“Well, you certainly have nerve,” she said. “Of course everybody knows the influence your father always has had with the School Board, and from the time we’ve been little children we’ve had demonstrated to us what your combined efforts could do, but I didn’t think you’d sit up and boast about it—openly admit it!”

“Why not?” said Junior. “What’s calculus and radicals and Greek and Latin got to do with figuring on exactly how big a mortgage it would be safe to place on Timothy Hollenstein’s farm? I’ve gone through the motions of this school thing. I’ve got the scum of it. Did you ever see me make a mistake in addition? I’m not interested in subtraction, and I’m not very particular about division, but have you ever noticed that I’m greased lightning on multiplication?”

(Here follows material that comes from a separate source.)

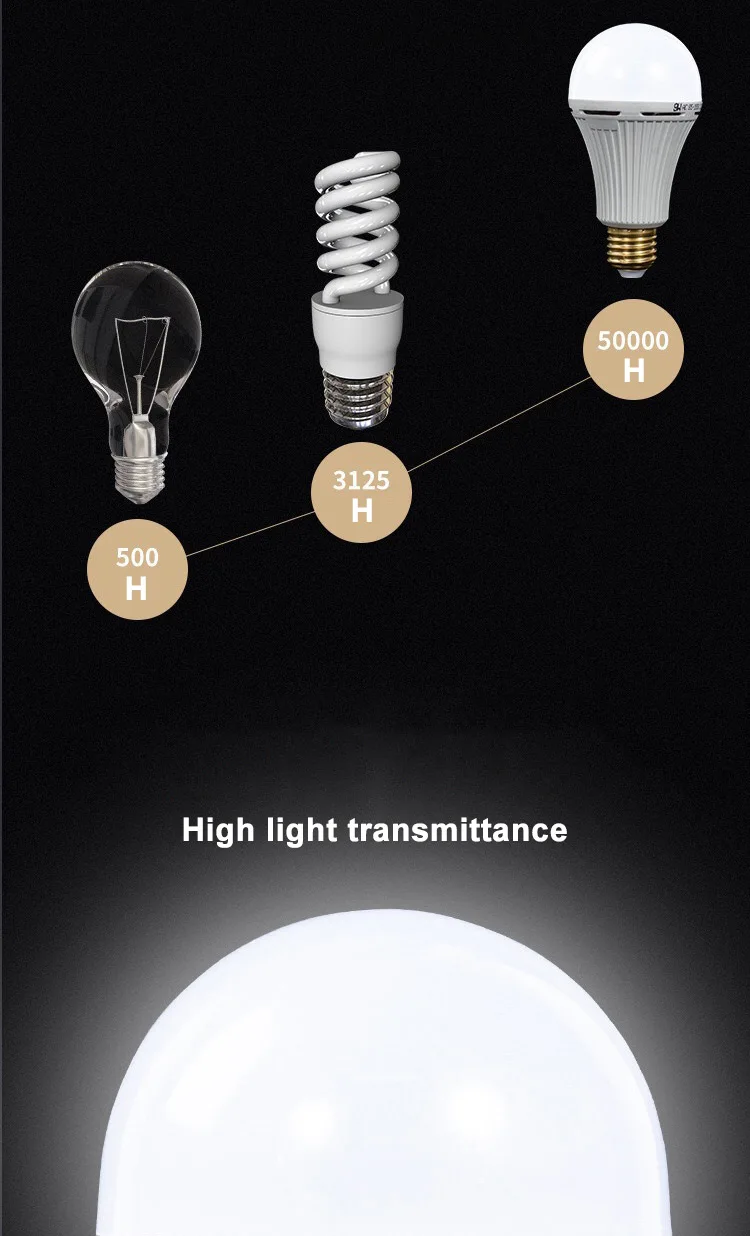 LED-EMERGENCY-BULB_02.jpg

And again Mahala laughed when she knew in her heart that she should do nothing of the kind. Coupled with Junior’s physical attractions there was this daring, this carelessness of what any one might say or think, this disarming honesty concerning transactions that had been the width of the world from honesty or fairness.

“All right,” she said, “don’t go to college. You’d get nothing out of it but the fun of spoiling other boys who were really trying to make men of themselves. But I’m going. I think I shall go to Vassar, and as for picnics and parties, I must put in the greater share of my time this summer in making my own clothes. I figure that the new store has cut into Father pretty deeply and I think I ought to help all I can by doing my sewing.”

Then Junior, reinforced by the most agreeable evening he had ever spent with Mahala, reached over and covered one of her hands with his. He grasped it lightly, giving it a little shake as he said to her: “I have to inform you, young lady, that it’s written in the stars that you’re not going to college.”

Obliquely Junior watched the girl, and he was wondering what she would think if he told her reasons that he could have told her, as to why she would not go to college.

Mahala withdrew her hand under the pretext of rearranging her hair, and laughingly remarked: “That’s very unkind of the stars to write things first to you concerning me. But, while we’re on the subject, in the epistle did the stars tell you what it is that I’m going to do?”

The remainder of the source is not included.